Figure 4: A demonstration of the effects of changing intercepts (left) and slopes (right). Colors are shades 2, 3, and 4 of “seagreen” and “deeppink”.

We need to be more precise about what we mean by the line of best fit, or the predicted value of engagement. If we can’t define the line of best fit, we won’t be able to find it. Recall that we can write the mean value of ENGAGEMENT as \mu_{ENGAGEMENT}, or \mu_{Y} for short. Now we want to introduce the concept of a conditional mean. The conditional mean of ENGAGEMENT at some value of INTEREST, say INTEREST_{0}, is the mean value of ENGAGEMENT for all students who report a value of teacher’s personal interest equal to INTEREST_{0}. If we refer to ENGAGEMENT as Y and INTEREST as X, then we can describe the conditional mean of Y at some value X_{0} as \mu_{Y|X}.⁵ Since we’re talking about \mu rather than \hat{\mu}, you know we’re discussing population means rather than sample means.

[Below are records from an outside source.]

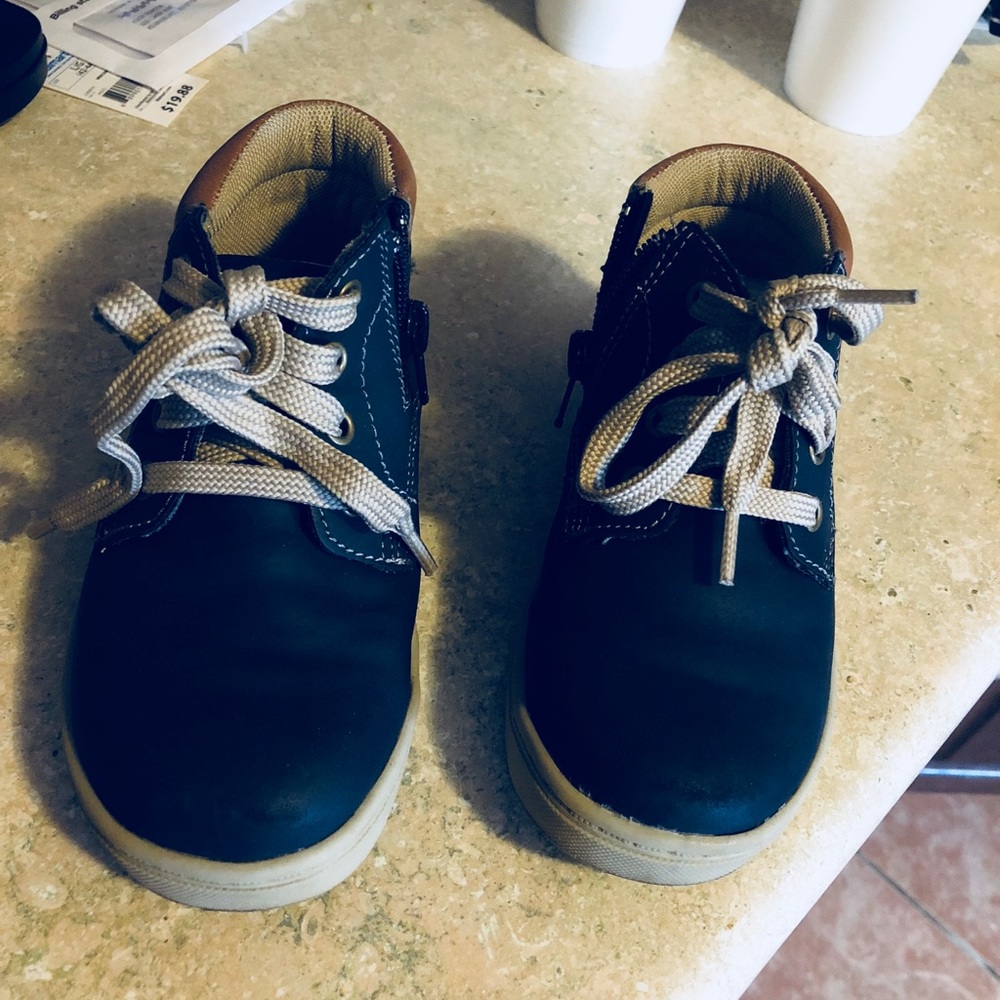 Kids Eddie Bauer size 10 boots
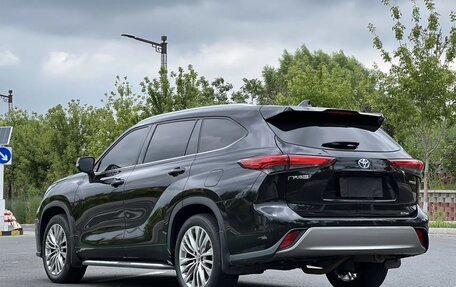Toyota Highlander, 2022 год, 3 300 000 рублей, 4 фотография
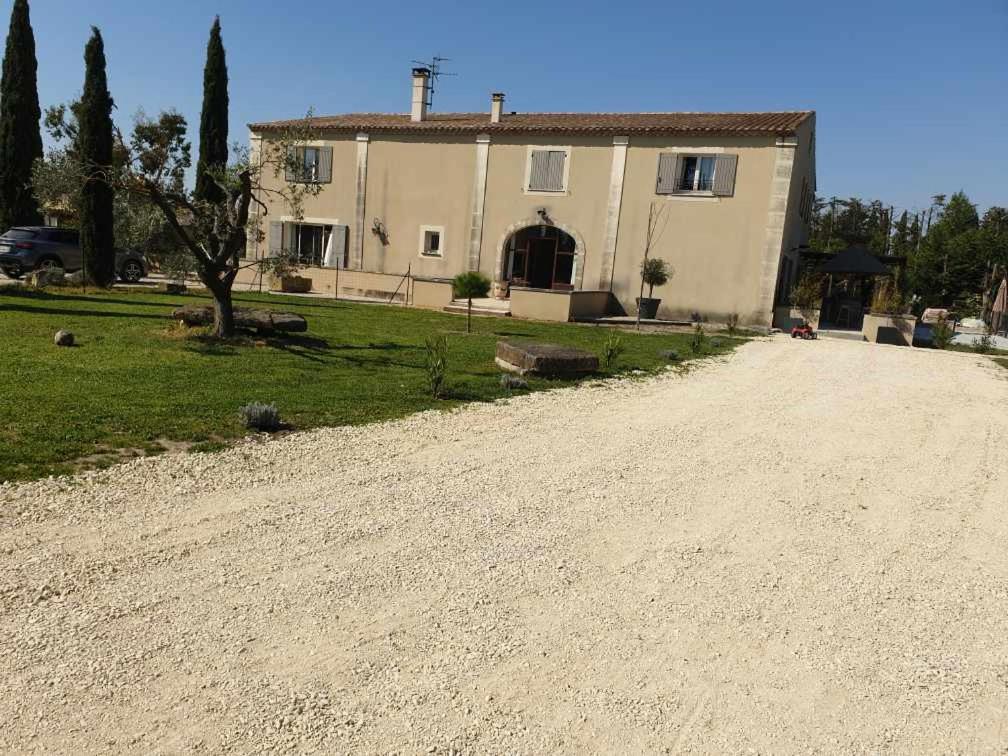 un chemin de terre devant une maison dans l'établissement La Bastide Des Oliviers, à Châteaurenard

This is tricky concept, so let’s take a minute to illustrate. Remember that the sample mean of engagement, \hat{\mu}_{ENGAGEMENT} is equal to 3.27. Let’s assume that this is also the population mean, \mu_{ENGAGEMENT}. But now let’s look only at students who reported the highest value of teacher’s personal interest, INTEREST = 5. As we observed before, students who reported high values of teacher’s personal interest also tended to report high levels of personal engagement. If we only look at the students with the highest values of teacher’s personal interest, their mean value of engagement is much higher than the sample as a whole, 4.08 to be exact. This is the mean value of engagement conditional on teacher’s personal interest being equal to five (i.e., for students who report teacher’s personal interest of 5). Once again assuming that this is actually the population value, we can write it as \mu_{Y|X=5}.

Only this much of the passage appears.